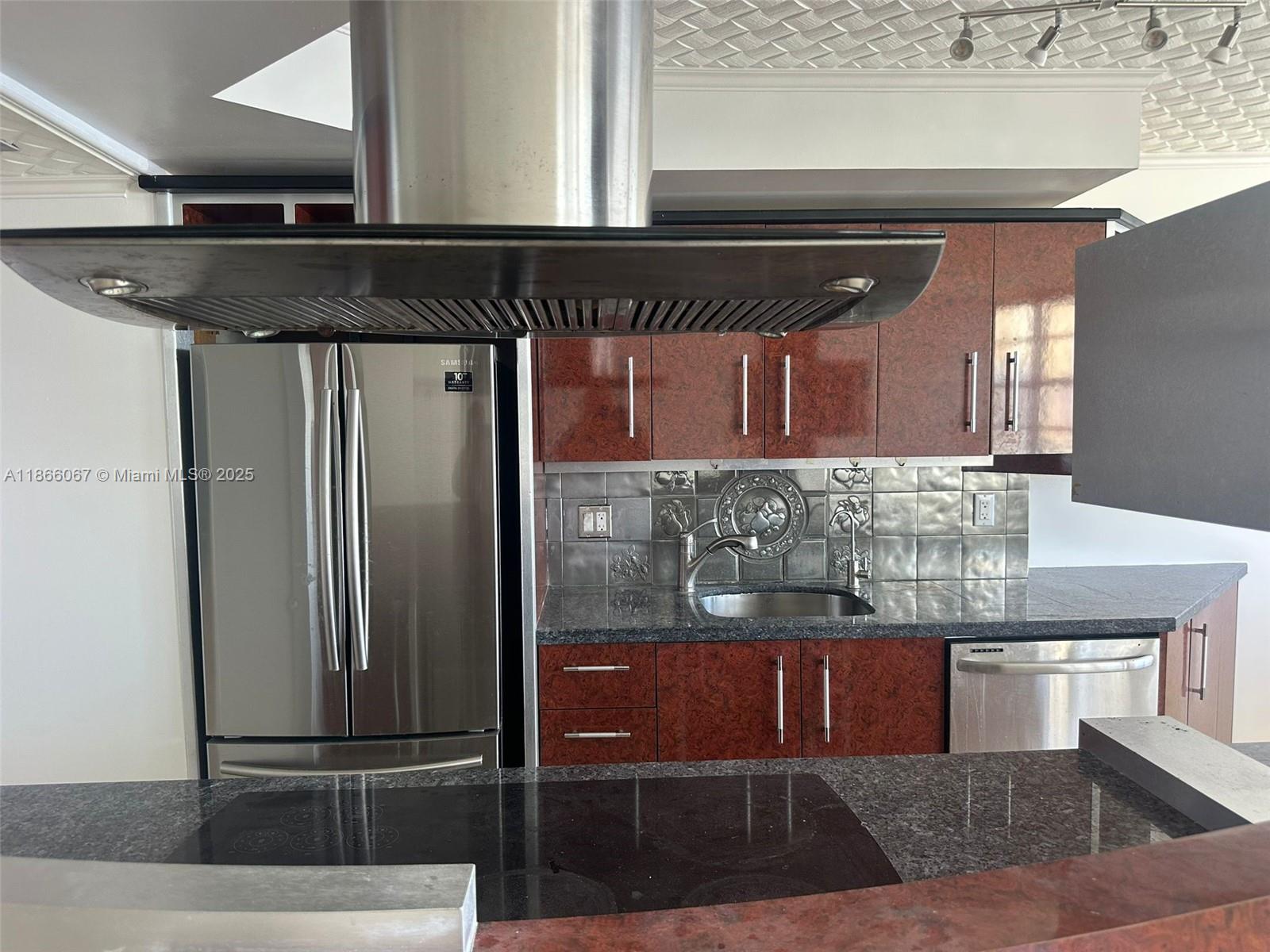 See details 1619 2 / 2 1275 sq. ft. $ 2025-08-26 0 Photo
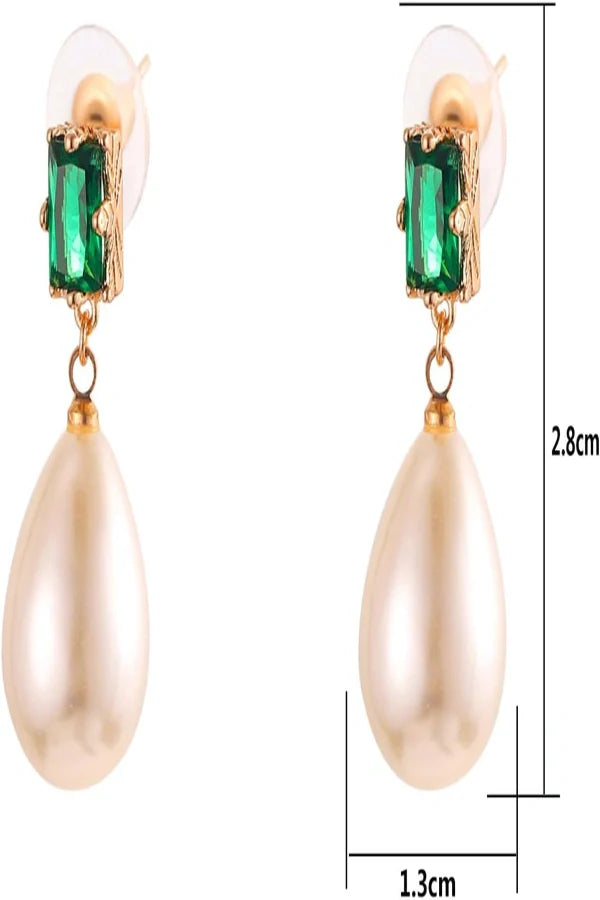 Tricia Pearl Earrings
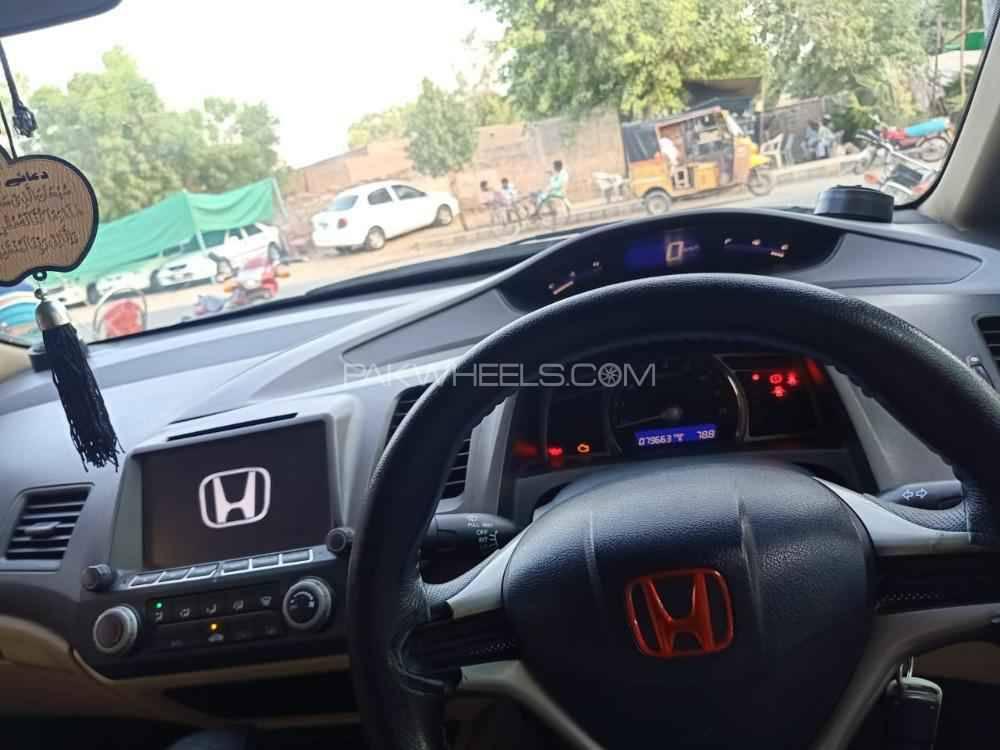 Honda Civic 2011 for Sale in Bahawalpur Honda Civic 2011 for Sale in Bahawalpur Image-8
────────────────────────────────────────
## REQUIREMENT
Return an exact transcription of the material, with its pictures left out.

## TASK RESPONSE
 See details 1619 2 / 2 1275 sq. ft. $ 2025-08-26 0 Photo
 Tricia Pearl Earrings
 Honda Civic 2011 for Sale in Bahawalpur Honda Civic 2011 for Sale in Bahawalpur Image-8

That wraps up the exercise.